Vom Kommunalparlament über den Landtag in den Bundestag – von diesem Marsch durch die Institutionen träumen extrem rechte Parteien. “Die Kommunen sind der zentrale Schauplatz rechtsextremer Bemühungen um politischen und kulturellen Einfluss”, sagte Bianca Klose, Geschäftsführerin des Vereins für Demokratische Kultur in Berlin (VDK), am Donnerstagabend.
Mehr als 30 Politikerinnen und Politiker verschiedener Parteien aus sieben Bundesländern, Vertreter von Beratungsprojekten und Wissenschaftler trafen sich am Donnerstag im Berliner Centrum Judaicum, um über gemeinsame Strategien im Umgang mit rechtsextremen Parteien zu beraten. Sie einigten sich auf acht Eckpunkte und debattierten die Ergebnisse abends auf einer Podiumsdiskussion.

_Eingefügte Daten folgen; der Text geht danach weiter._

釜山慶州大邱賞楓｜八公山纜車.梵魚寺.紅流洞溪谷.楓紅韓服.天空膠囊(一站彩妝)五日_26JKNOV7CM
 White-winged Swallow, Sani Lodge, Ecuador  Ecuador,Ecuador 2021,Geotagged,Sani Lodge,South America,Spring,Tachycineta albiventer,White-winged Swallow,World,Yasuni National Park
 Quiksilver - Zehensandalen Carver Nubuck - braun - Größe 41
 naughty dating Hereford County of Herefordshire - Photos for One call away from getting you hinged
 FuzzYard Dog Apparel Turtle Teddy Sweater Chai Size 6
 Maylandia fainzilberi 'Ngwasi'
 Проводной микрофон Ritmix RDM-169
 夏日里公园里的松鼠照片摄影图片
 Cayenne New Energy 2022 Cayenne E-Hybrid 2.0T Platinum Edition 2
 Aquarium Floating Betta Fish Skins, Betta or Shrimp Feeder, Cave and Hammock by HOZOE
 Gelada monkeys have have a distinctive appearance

Nach den Kommunalwahlen vom 7. Juni 2008 und den jüngsten Kommunalwahlen in Nordrhein-Westfalen ist die Zahl der rechtsextremen Mandatsträger bundesweit auf über 660 gestiegen – drei Fünftel von ihnen gehören der NPD an. Sie nutzen die Landesparlamente und kommunalen Gremien als Bühne für Agitation und als Finanzierungsquellen.
Die Berliner Fachtagung fand im Rahmen des VDK-Projekts “Auseinandersetzung mit Rechtsextremismus in kommunalen Gremien Berlins – Dokumentation und Analyse” statt. Vielerorts seien Kommunalpolitiker noch nicht auf die Auseinandersetzung mit den Rechten vorbereitet, sagte Projektleiter Mathias Wörsching. Darum sind die demokratischen Parteien “angehalten, sich fortlaufend über ihren Umgang mit den Rechtsextremen abzustimmen”, heißt es in dem Papier.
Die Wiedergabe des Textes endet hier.